EXERCISE DATA:
Start of Block

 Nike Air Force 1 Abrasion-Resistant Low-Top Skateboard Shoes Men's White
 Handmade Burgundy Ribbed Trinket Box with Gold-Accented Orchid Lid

End of Block
Start of Block

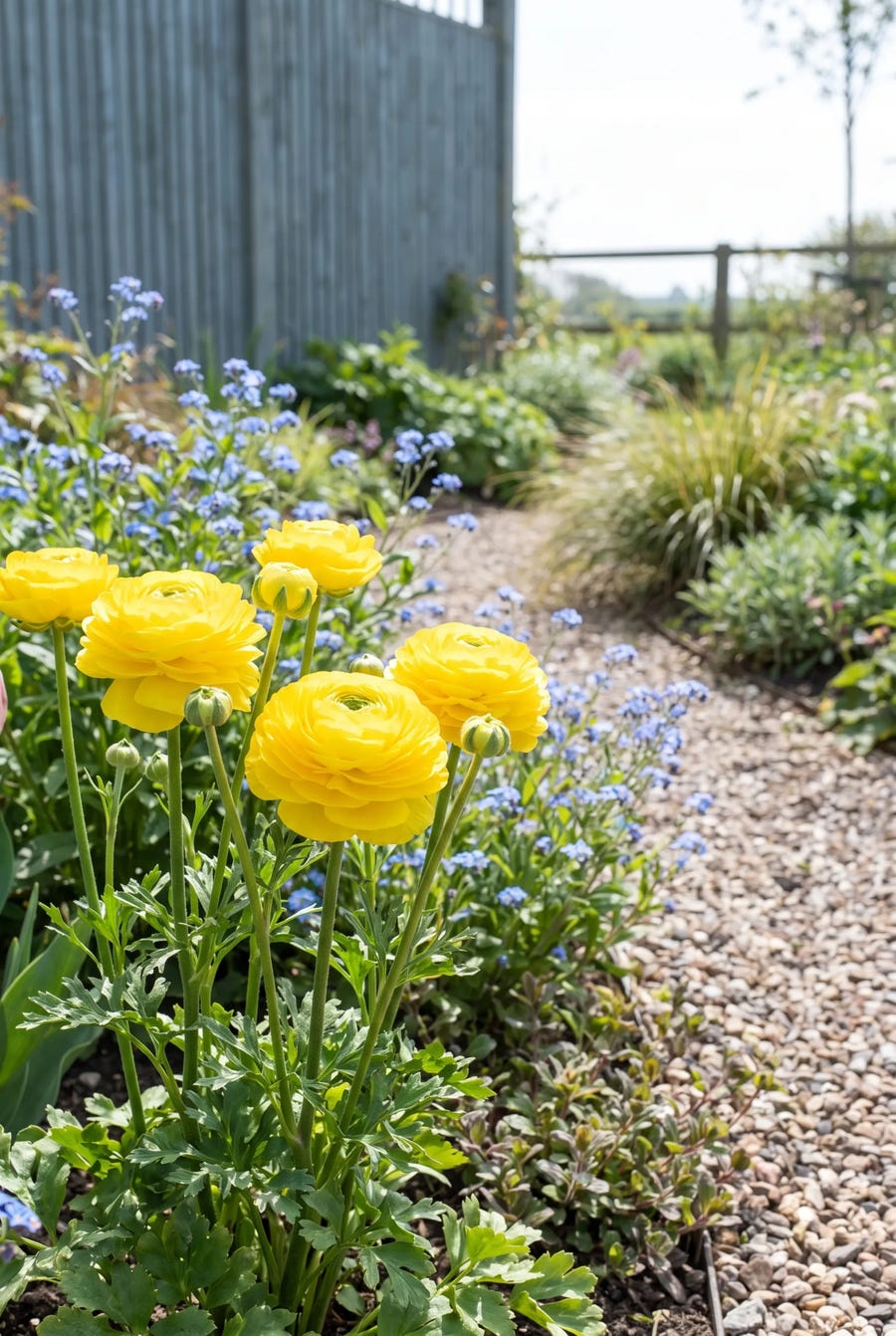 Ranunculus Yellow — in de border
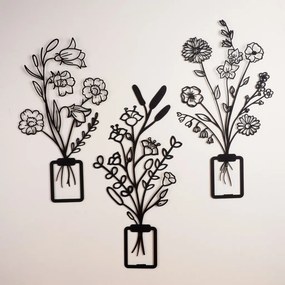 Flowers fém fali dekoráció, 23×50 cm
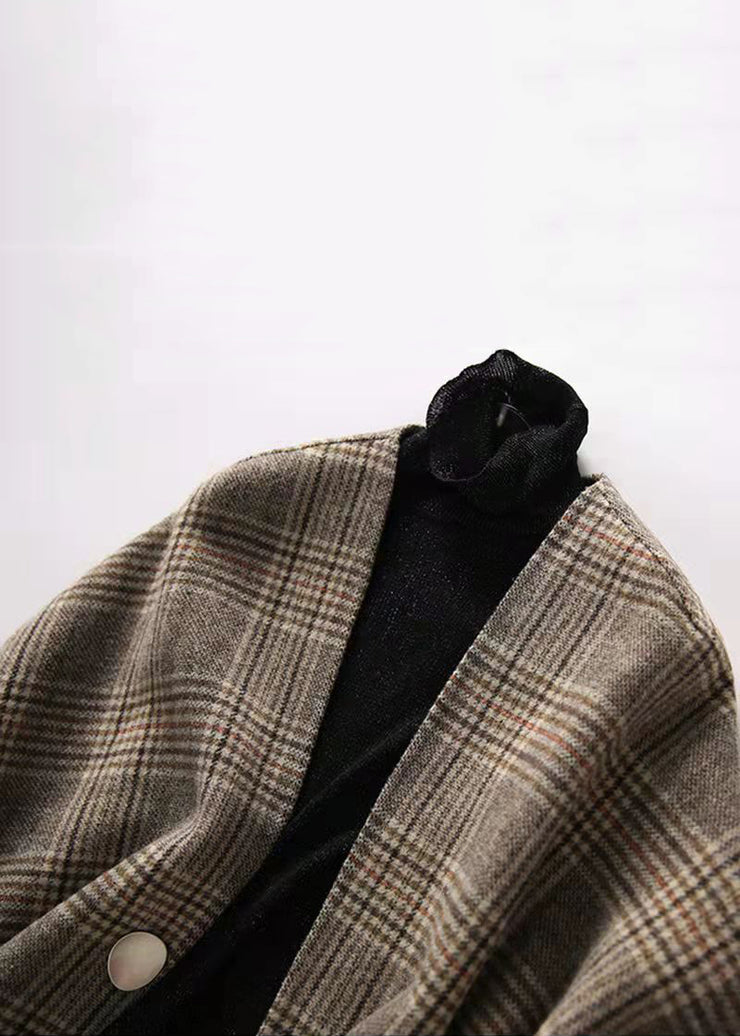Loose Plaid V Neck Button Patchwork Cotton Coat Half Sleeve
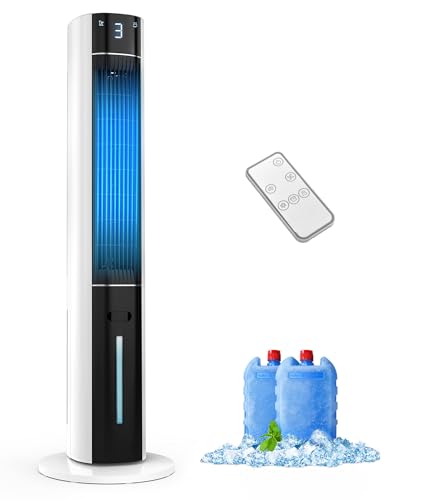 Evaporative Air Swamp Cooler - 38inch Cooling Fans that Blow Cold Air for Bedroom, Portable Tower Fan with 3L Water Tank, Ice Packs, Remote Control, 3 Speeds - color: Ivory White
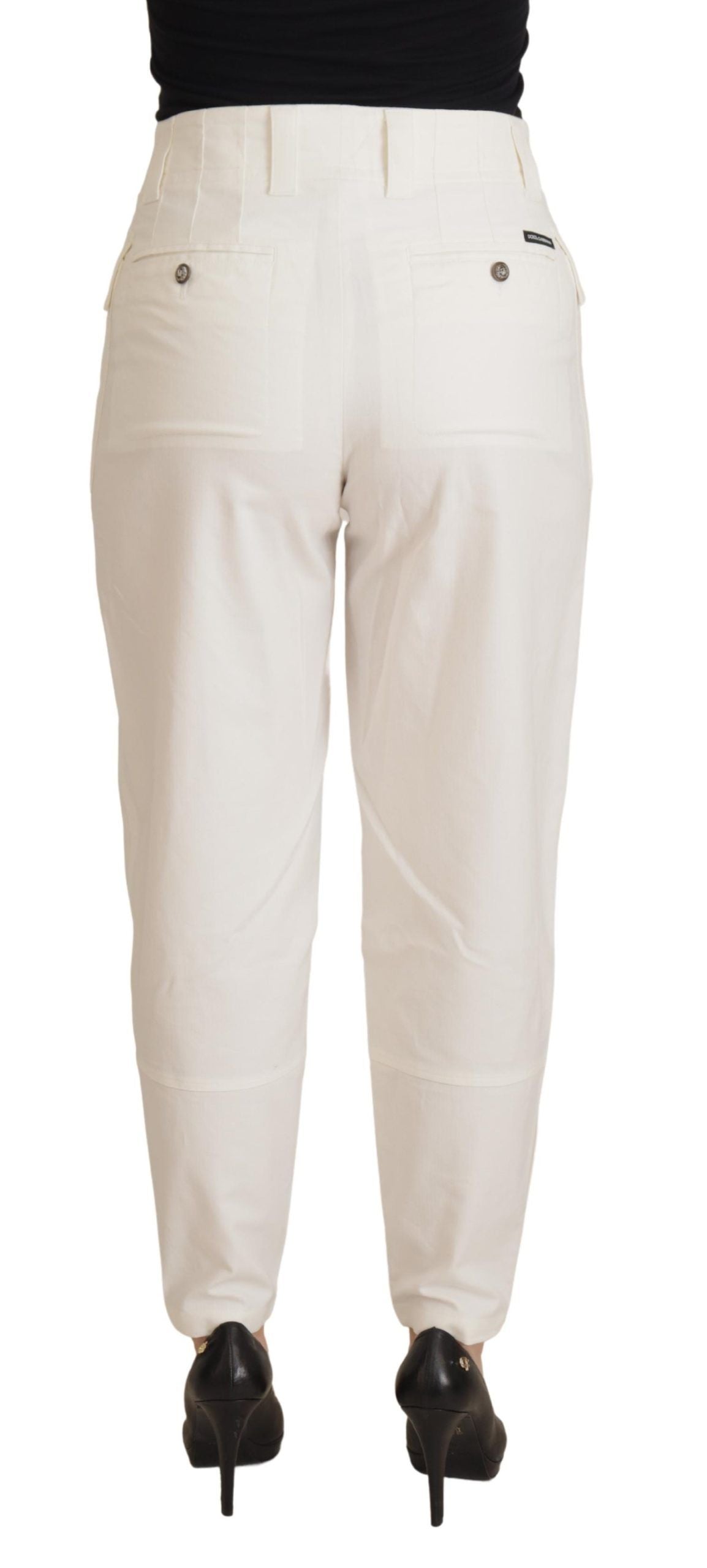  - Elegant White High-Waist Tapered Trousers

End of Block

THE TASK:
Transcribe only this stretch of the data: the line with "Flowers fém fali dekoráció, 23×50 cm", the line with "- Elegant White High-Waist Tapered Trousers", and every line in between. Leave out the pictures.

THE COMPLETED TASK:
 Flowers fém fali dekoráció, 23×50 cm
Loose Plaid V Neck Button Patchwork Cotton Coat Half Sleeve
 Evaporative Air Swamp Cooler - 38inch Cooling Fans that Blow Cold Air for Bedroom, Portable Tower Fan with 3L Water Tank, Ice Packs, Remote Control, 3 Speeds - color: Ivory White
  - Elegant White High-Waist Tapered Trousers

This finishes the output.